その中から、シリコンフォトニクスに関する講座「Silicon Photonics for Next-Generation Optical Interconnects(次世代光接続に向けたシリコンフォトニクス)」が興味深かったので、その概要を前回からシリーズでお届けしている。講演者は、ベルギーの研究開発機関imecのJoris Van Campenhout氏である。
なお講演の内容だけでは説明が不十分なところがあるので、本シリーズでは読者の理解を助けるために、講演の内容を適宜、補足している。
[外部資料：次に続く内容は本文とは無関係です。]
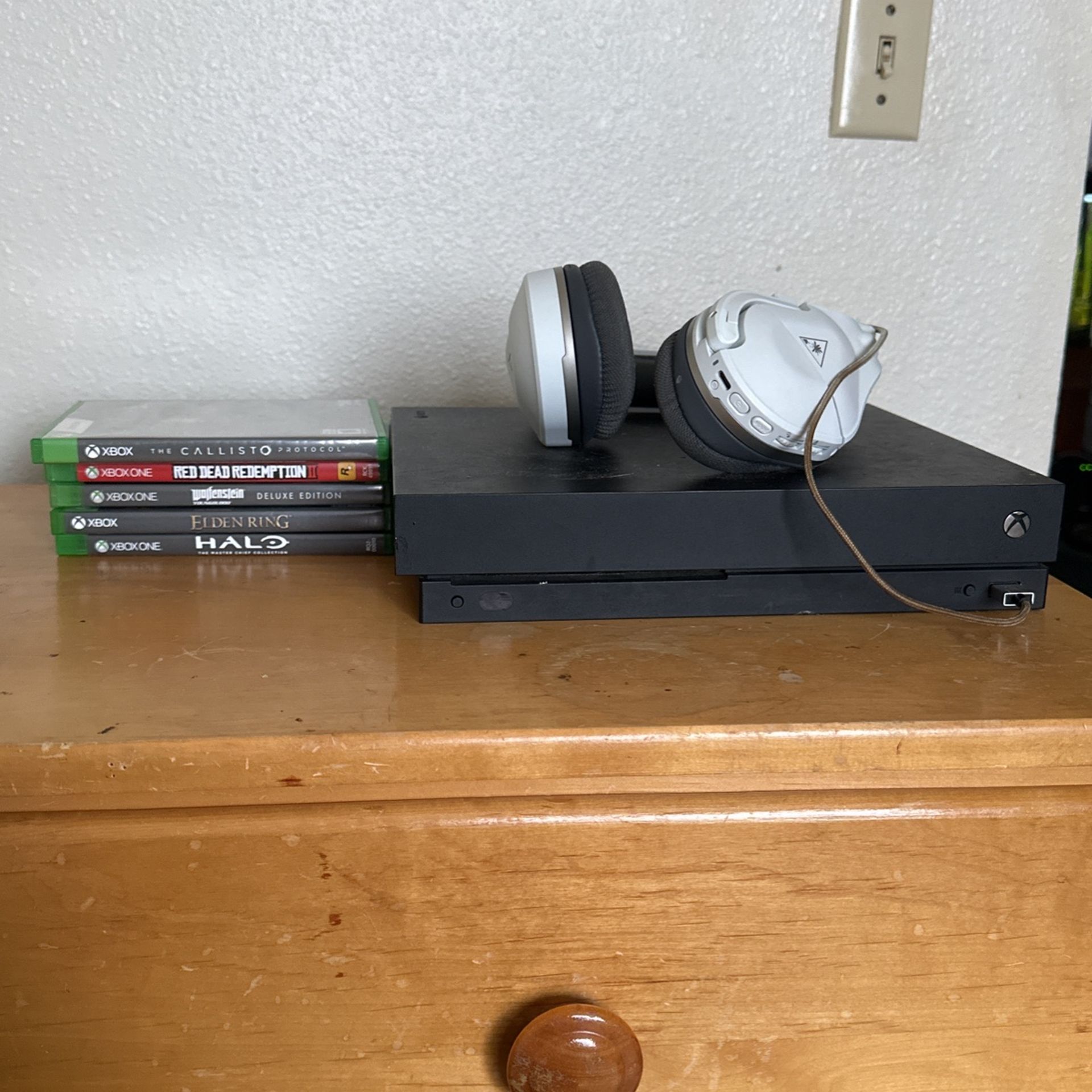 Used Xbox 1, Turtle Beach Head Set, 5 Games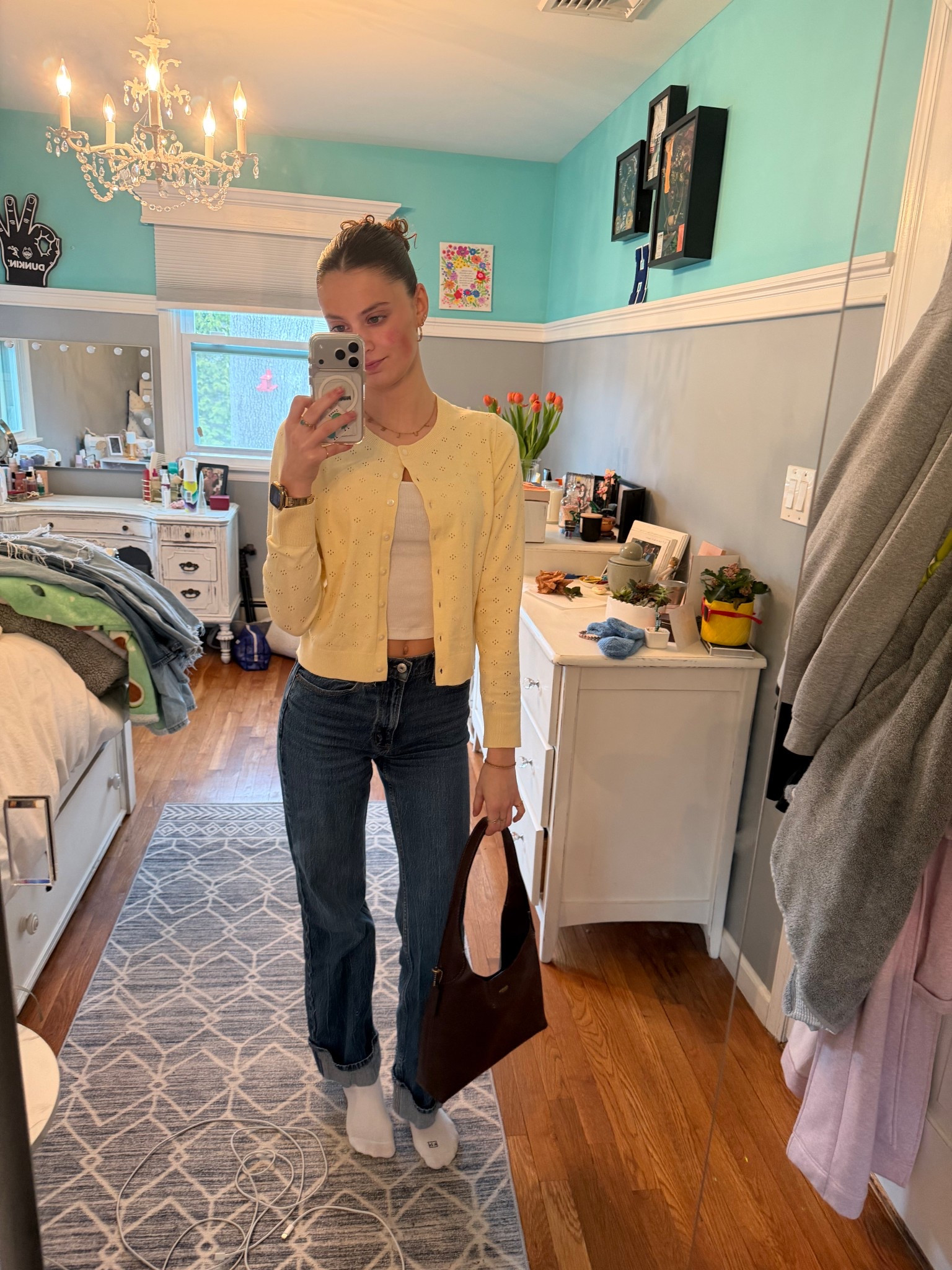 cutie fit 💛 could only find the sweater in other colors!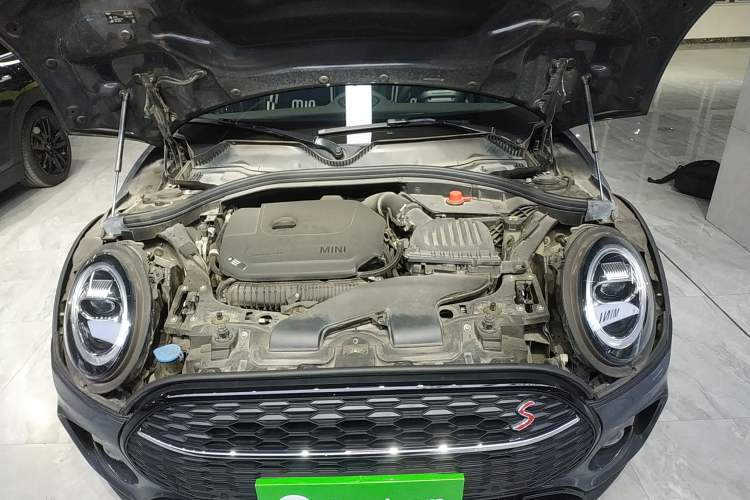 Used MINI Clubman 2021 2.0T COOPER S Engine Bay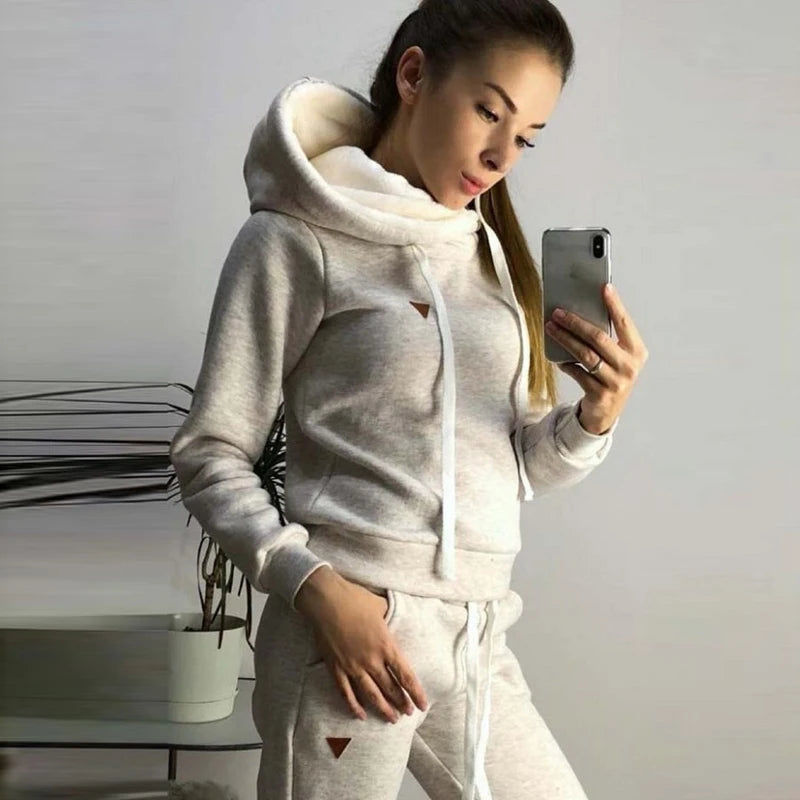 Fleece Leather Badge Long Sleeve Sports Sweater Set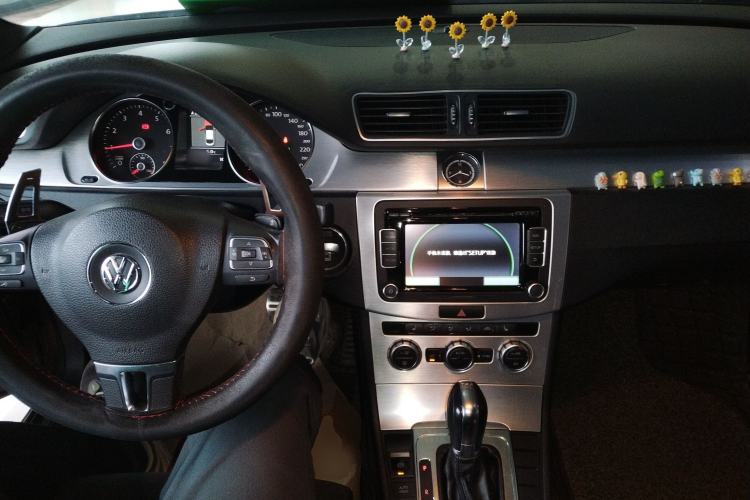 Used Volkswagen FAW-Volkswagen CC 2013 2.0 TSI Luxury Model Center Console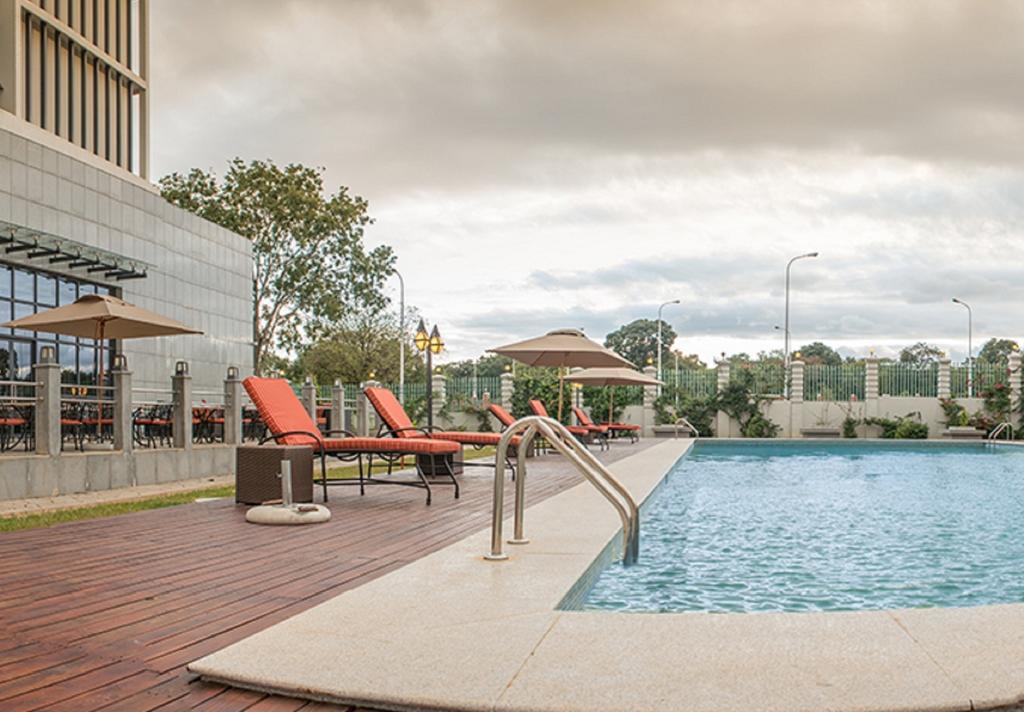 President Hotel At Umodzi Park Lilongwe Bagian luar foto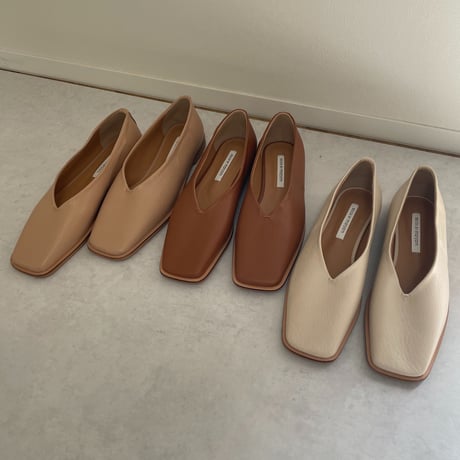 square flat shoes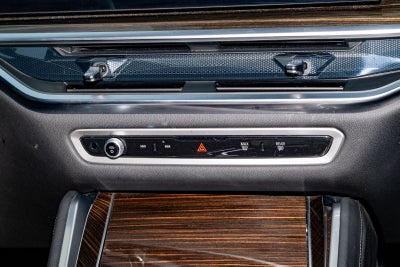 2025 BMW X6 xDrive40i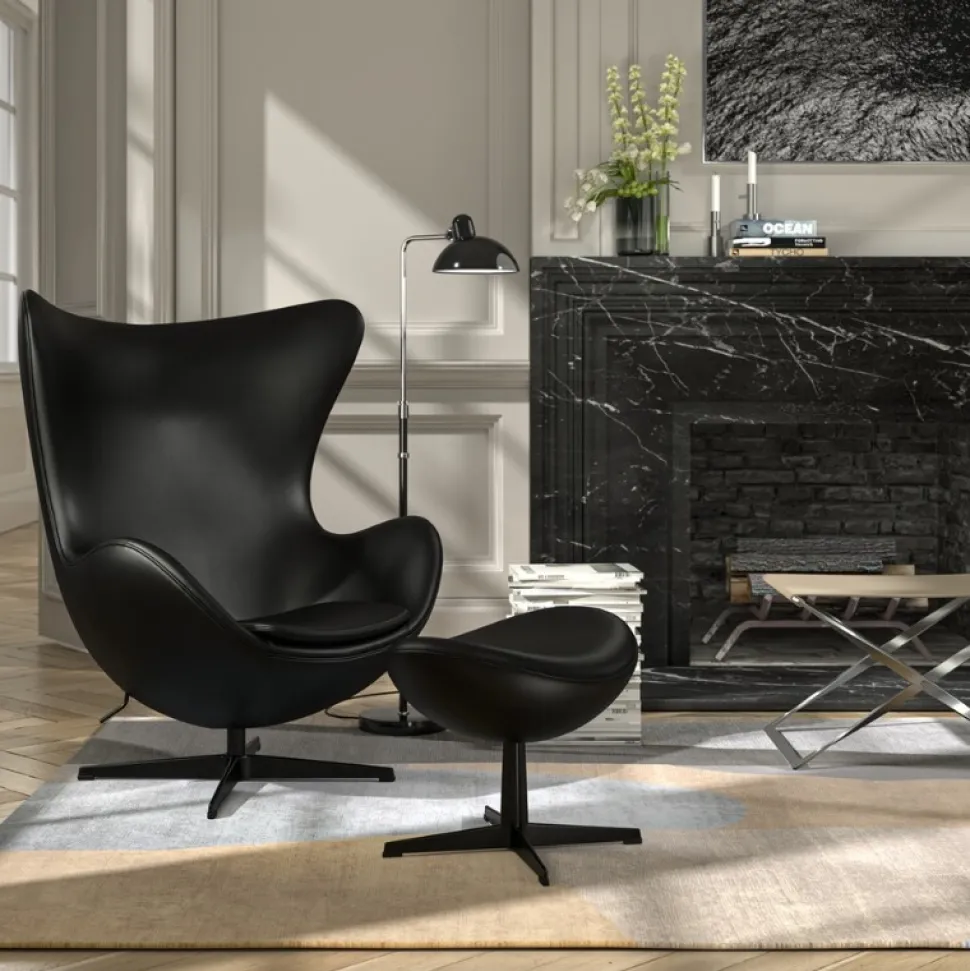 Fritz Hansen 3316 Ægget Sort Essential Læder Inkl. Fodskammel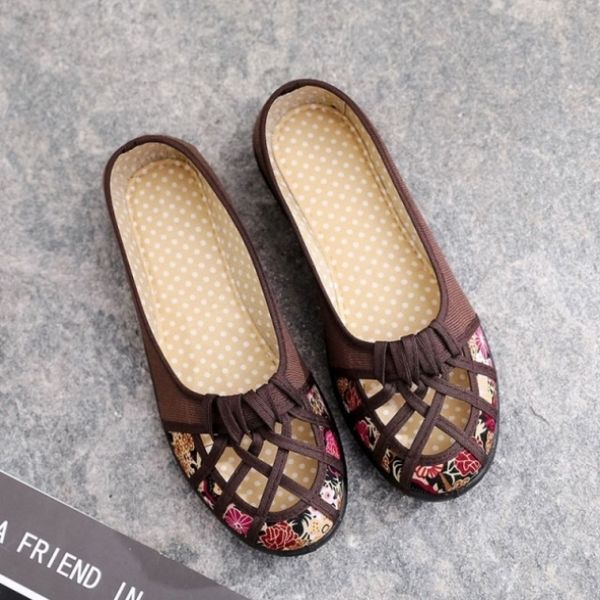 sandals large summer middle-aged mother slanted heel non-slip soft bottom flat female cool, Black;red
sandals large summer middle-aged mother slanted heel non-slip soft bottom flat female cool, Black;red
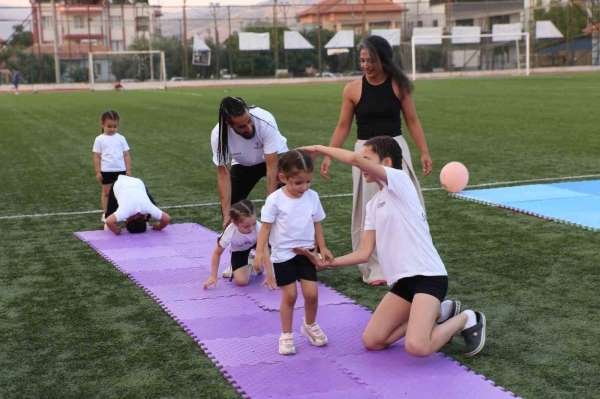 Sarıgöl'de minik cimnastikçilerden nefes kesen gösteri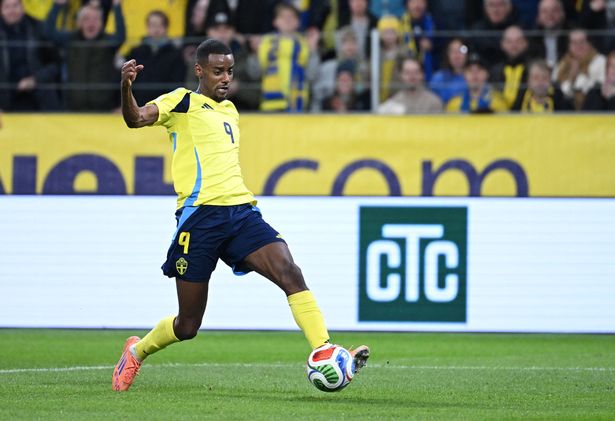 Alexander Isak runs with the ball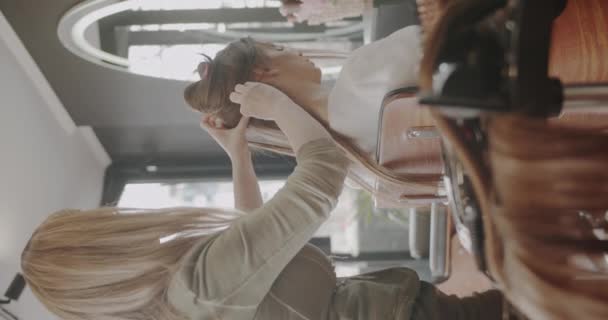Hinzufügen Von Haarverlängerungen Einer Brünetten Dame Professionelle Friseursalon Vertikales Video — Stockvideo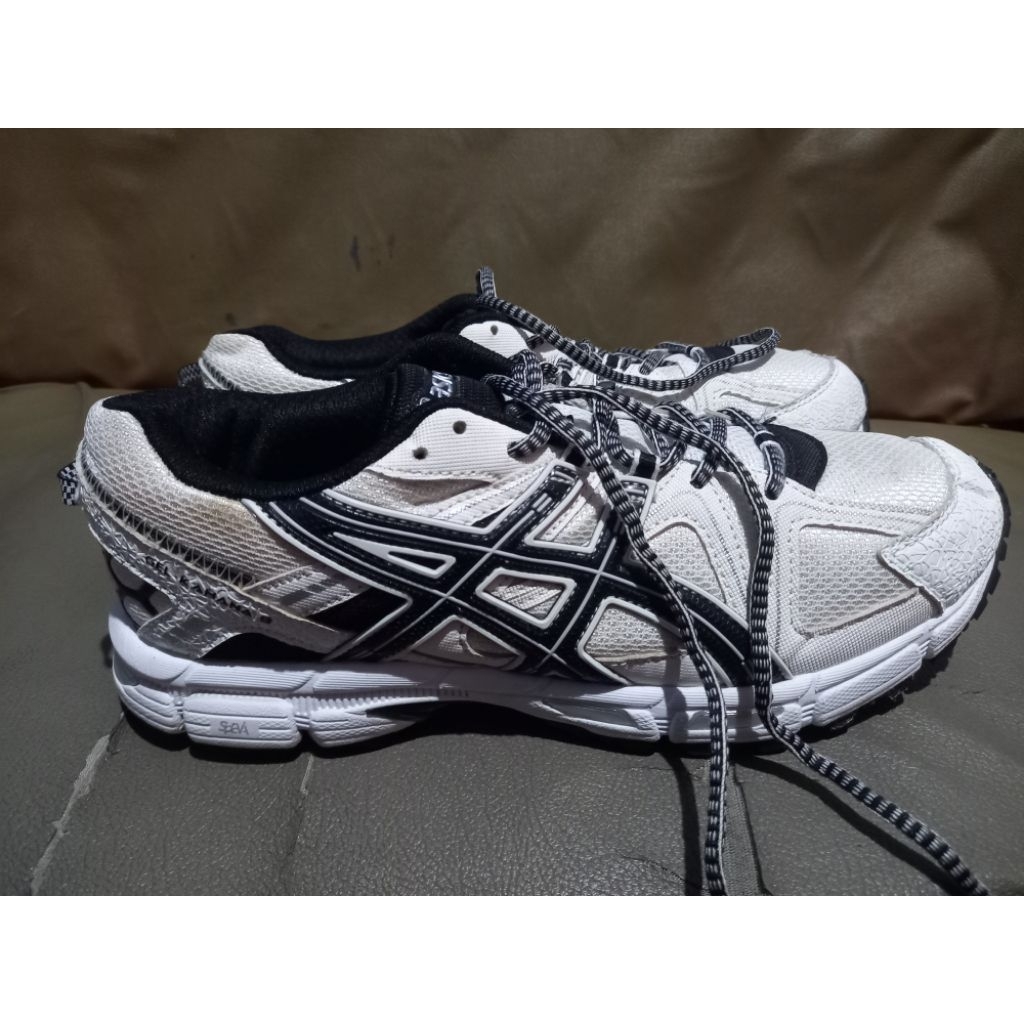 sepatu asik KHN 8
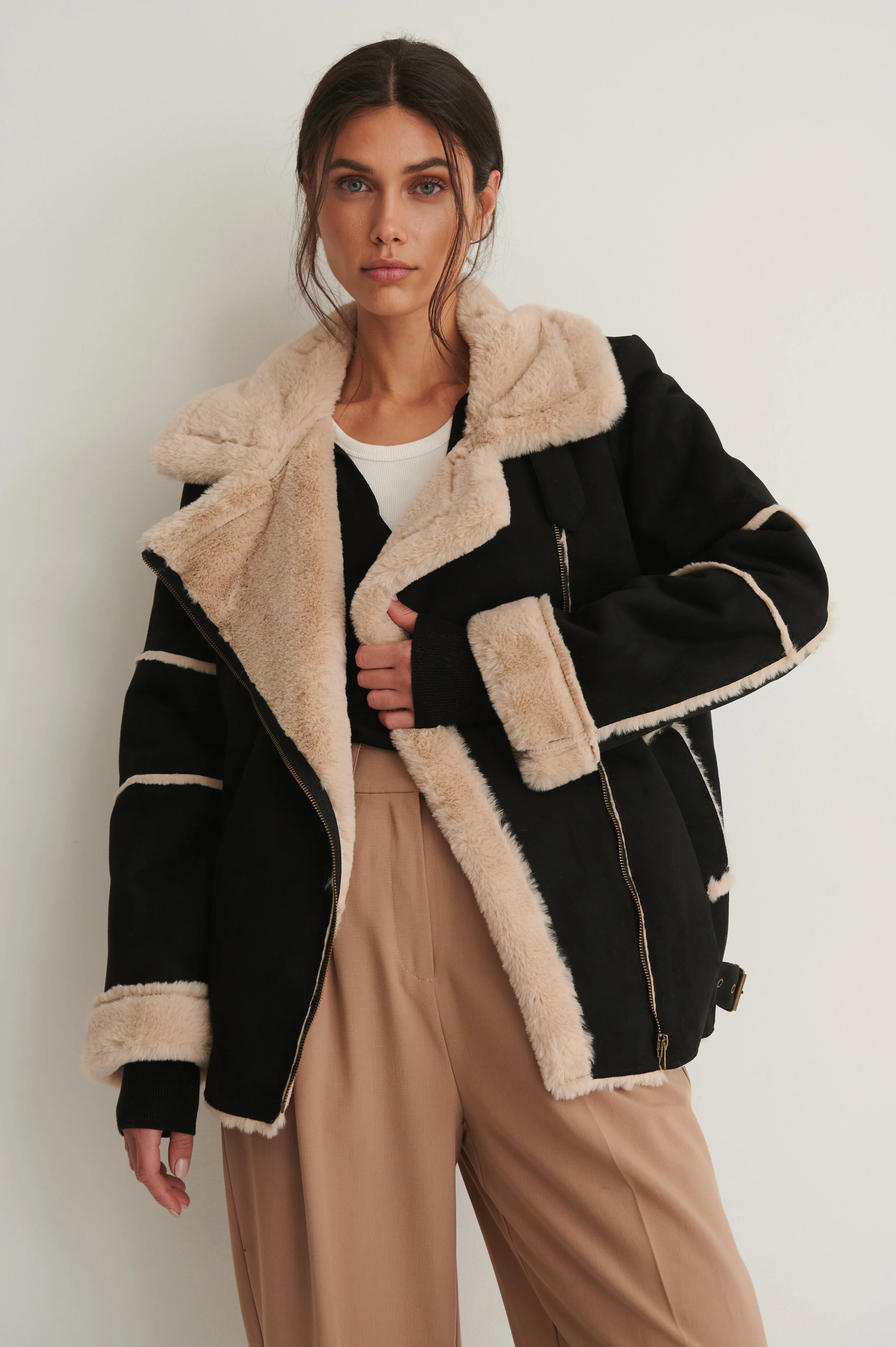 nakd_faux_fur_detail_aviator_jacket_1018-006658-0002_65486.JPG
あらかじめご了承されたい。
本シリーズの第1回となる前回では、講演のアウトラインを説明するとともに、講演内容を理解するための基礎事項を補足した。今回は、データセンターにおける光通信と電気通信の進化と境界について説明する。
データセンターにおける通信需要は指数関数的に増大している。このため、データセンター間のネットワーク帯域、データセンター内部のネットワーク帯域、データセンター内部に配置したサーバ間のネットワーク帯域はいずれも、段階的に増強していくことが求められる。
例えばデータセンターのネットワーク通信速度は100Gビット/秒(bps)から400Gbpsへと移行しつつある。将来は1.6Tbpsへと増やす。そしてデータセンターのスイッチ速度は3.2Tbpsから6.4Tbpsへと拡充しつつある。さらには、12.8Tbpsへと拡大する。サーバ間の通信速度は25Gbpsから50Gbpsへと増加しつつある。近い将来には、100Gbpsへと増えるだろう。